A crash would be considered not preventable if the CMV was struck by a motorist who was convicted of one of the four following offenses or a related offense:

  1. Driving under the influence;
  2. Driving the wrong direction;
  3. Striking the CMV in the rear; or
  4. Striking the CMV while it was legally stopped.

The Agency proposes that evidence of a conviction must be submitted with the RDR to document that the crash was not preventable by the motor carrier or driver. In addition to documentation of the conviction, these RDRs should include all available law enforcement reports, insurance reports for all parties involved in the crash, and any other relevant information. RDRs could also be submitted through DataQs when the crash did not involve other vehicles, for example animal strikes.

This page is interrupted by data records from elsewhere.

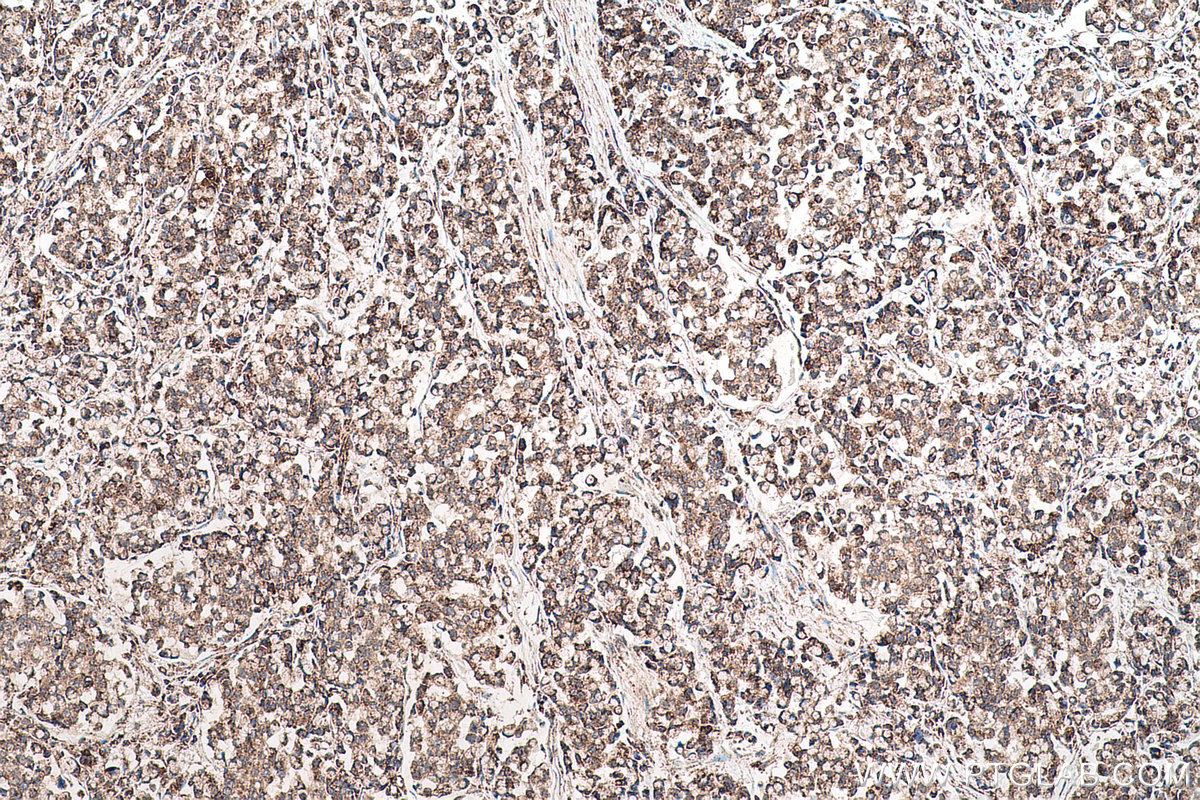 Immunohistochemical analysis of paraffin-embedded human colon cancer tissue slide using KHC0633 (NDUFV1 IHC Kit).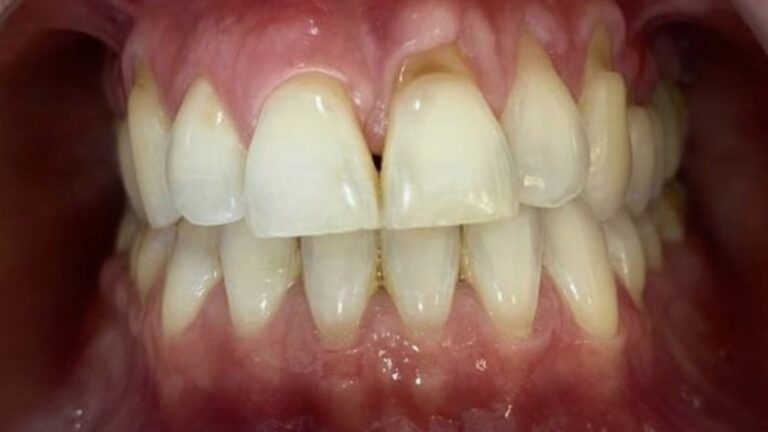 FOTOS WEB-7-peri-antes-min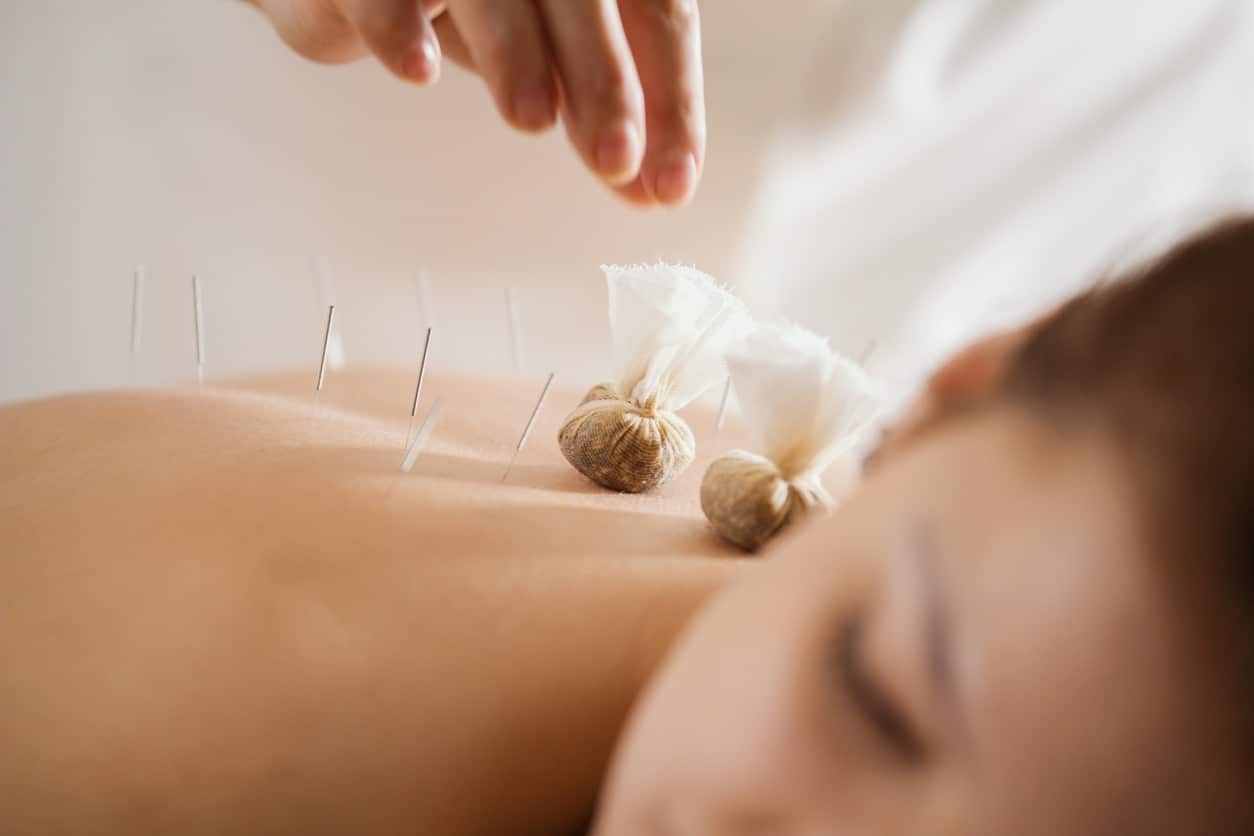 Young beautiful woman in spa receiving procedure of tibetan medicine, close up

Upon the receipt of a complete RDR, FMCSA staff or a contractor would review the submission using the preventability definition in 49 CFR part 285. The Agency proposes that the RDR would result in one of the following three decisions and actions:

  1. Not Preventable – In these cases, the crash is removed from SMS;
  2. Preventable – In these cases, the crash is not removed from SMS for the purpose of calculating the Crash Indicator BASIC percentile. FMCSA is looking at rating these crashes for severity, and a crash considered “Preventable” could carry a higher severity rating.
  3. Undecided – In these cases, not enough evidence was presented and the crash remains in SMS, but a severity rating would not apply.

The Agency proposes that the minimum time period for this test would be 24 months.  


On January 23, 2015, FMCSA announced the results of the Agency’s study on the feasibility of using a motor carrier’s role in crashes in the assessment of the company’s safety. This study assessed:

  1. Whether police accident reports (PARs) provide sufficient, consistent, and reliable information to support crash-weighting determinations;
  2. Whether a crash-weighting determination process would offer an even stronger predictor of crash risk than overall crash involvement and how crash weighting would be implemented in the Agency’s Safety Measurement System (SMS); and
  3. How FMCSA might manage a process for making crash weighting determinations, including the acceptance of public input.